*DIRECTIONS FOR THIS TASK*:
What needs transcribing is the line with "Weslie Guest House Brighton ภายนอก รูปภาพ" and every line after it to the end of the records, exactly and alone, with no pictures.

Dataset items
:::::
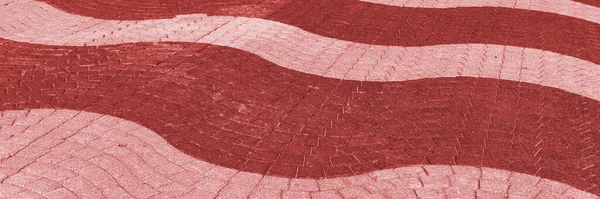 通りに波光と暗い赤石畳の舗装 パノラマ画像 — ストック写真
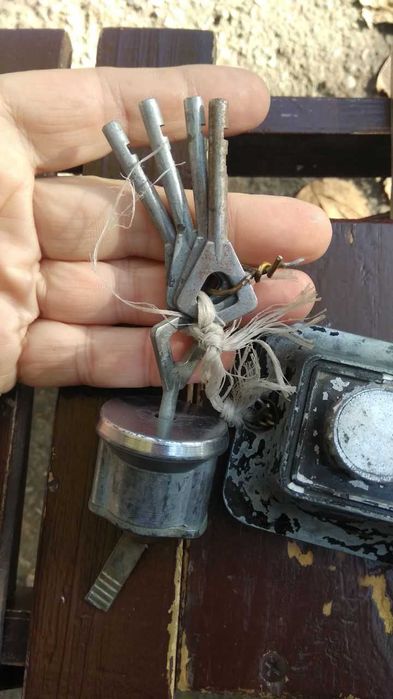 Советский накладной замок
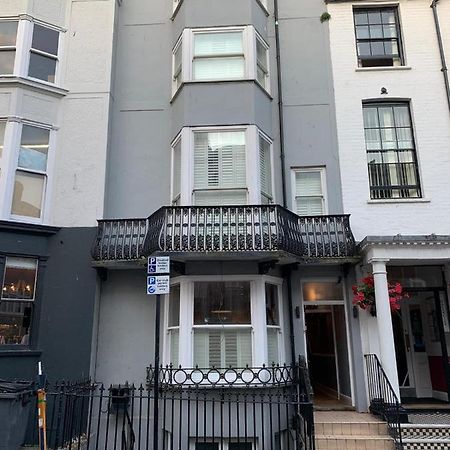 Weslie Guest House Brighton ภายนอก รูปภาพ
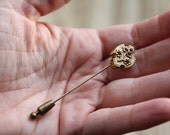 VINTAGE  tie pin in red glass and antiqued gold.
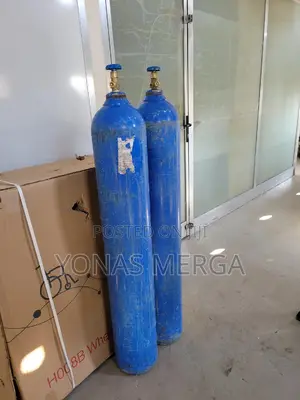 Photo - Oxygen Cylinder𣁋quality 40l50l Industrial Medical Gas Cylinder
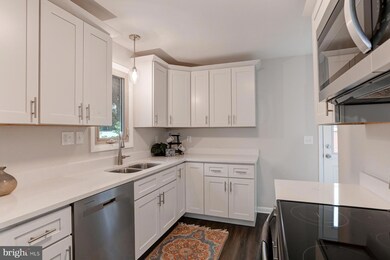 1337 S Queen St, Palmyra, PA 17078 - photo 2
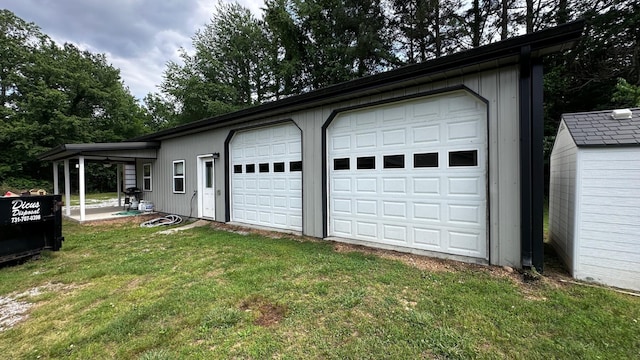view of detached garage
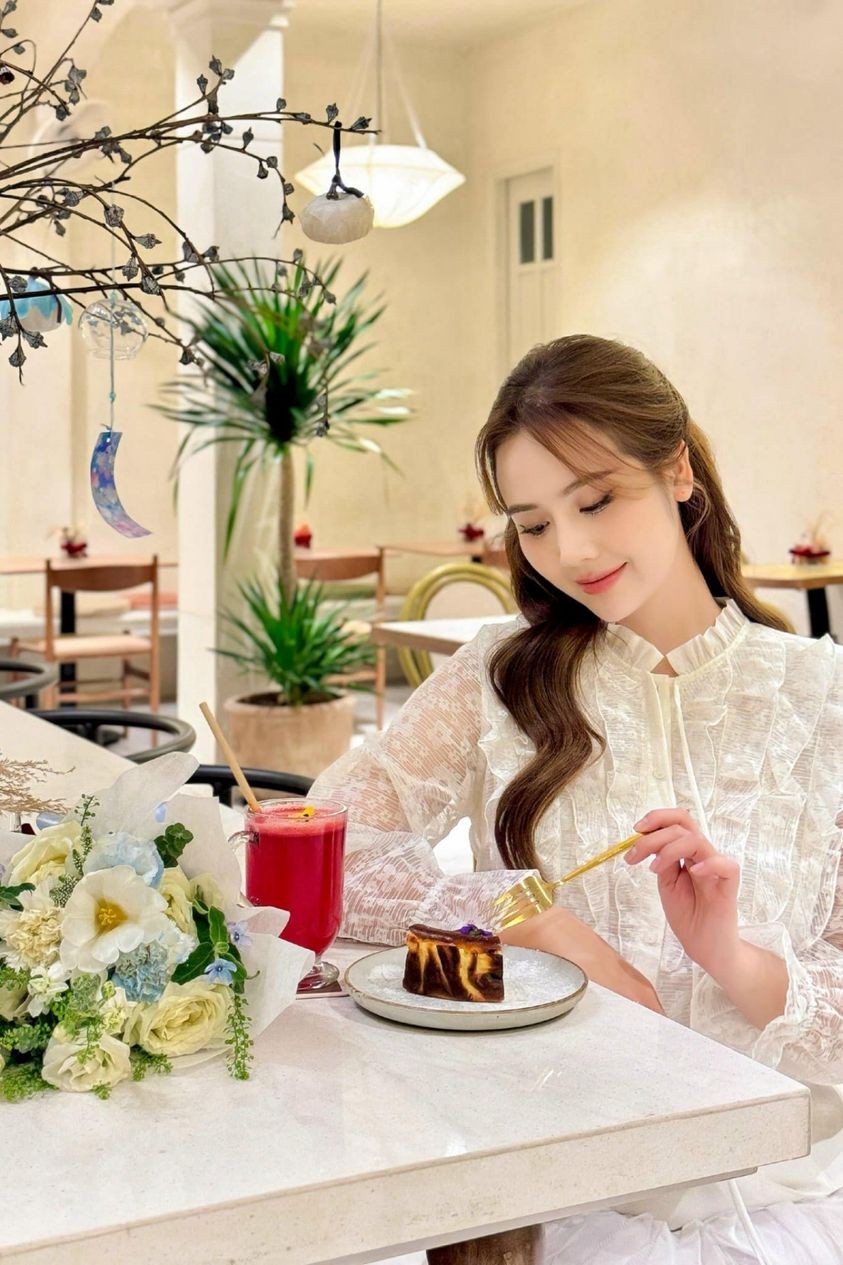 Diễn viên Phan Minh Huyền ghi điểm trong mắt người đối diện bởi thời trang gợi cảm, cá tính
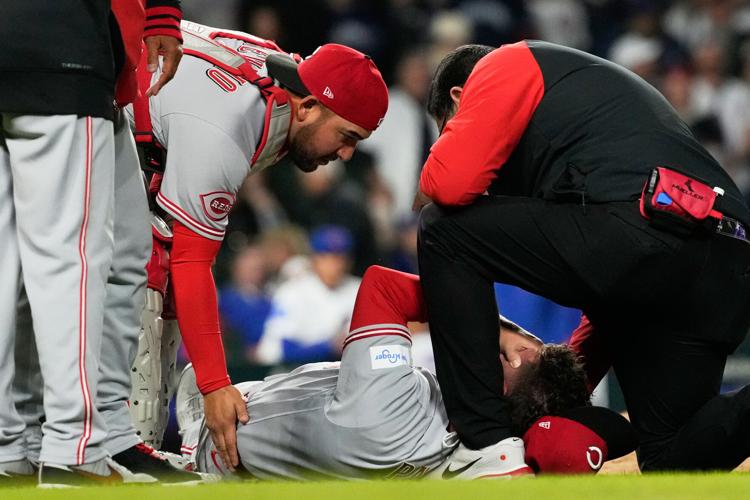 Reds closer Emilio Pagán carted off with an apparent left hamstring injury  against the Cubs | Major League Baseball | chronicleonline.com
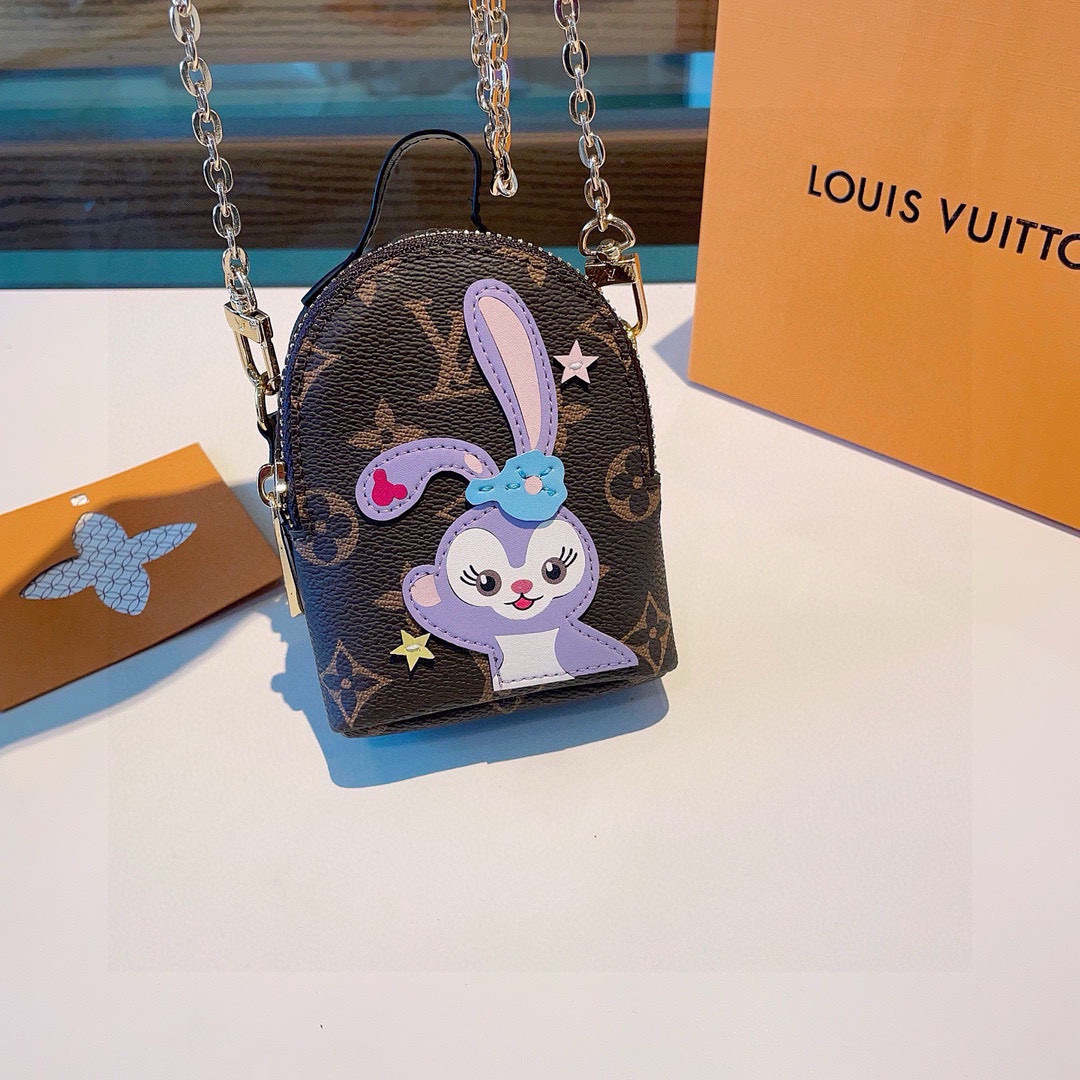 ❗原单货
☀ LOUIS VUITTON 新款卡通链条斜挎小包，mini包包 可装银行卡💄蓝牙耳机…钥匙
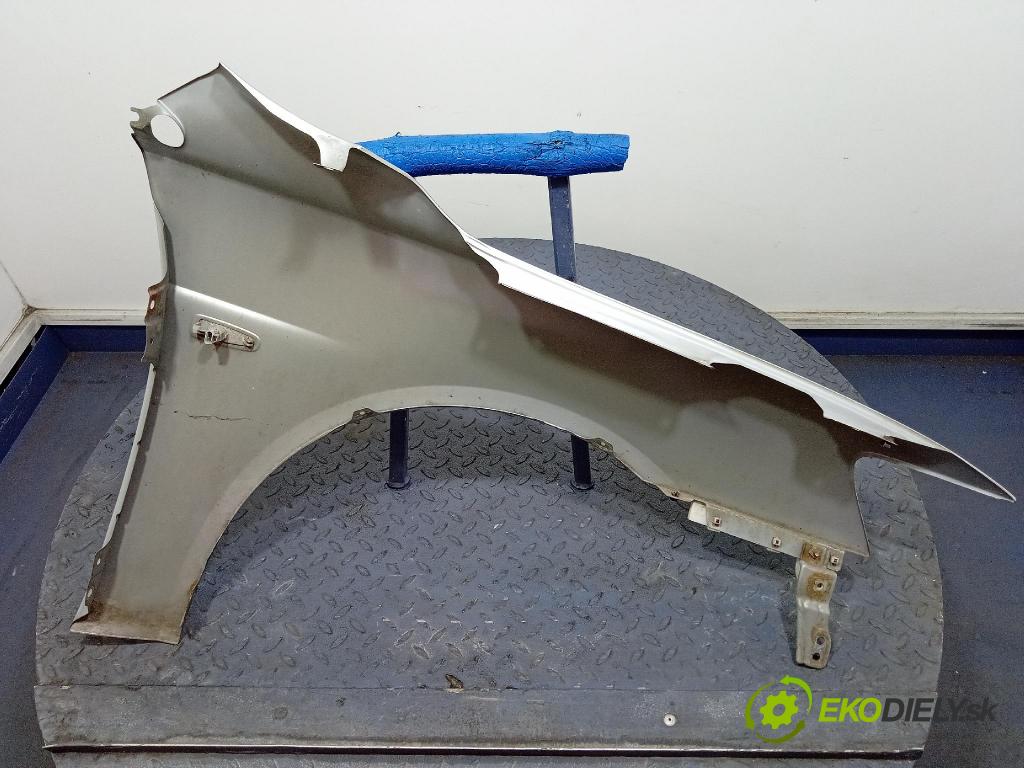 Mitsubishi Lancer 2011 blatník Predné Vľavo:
:::::
*SOLUTION TO THE EXERCISE*:
 Weslie Guest House Brighton ภายนอก รูปภาพ
 VINTAGE  tie pin in red glass and antiqued gold.
 Photo - Oxygen Cylinder𣁋quality 40l50l Industrial Medical Gas Cylinder
 1337 S Queen St, Palmyra, PA 17078 - photo 2
view of detached garage
 Diễn viên Phan Minh Huyền ghi điểm trong mắt người đối diện bởi thời trang gợi cảm, cá tính
 Reds closer Emilio Pagán carted off with an apparent left hamstring injury  against the Cubs | Major League Baseball | chronicleonline.com
 ❗原单货
☀ LOUIS VUITTON 新款卡通链条斜挎小包，mini包包 可装银行卡💄蓝牙耳机…钥匙
 Mitsubishi Lancer 2011 blatník Predné Vľavo:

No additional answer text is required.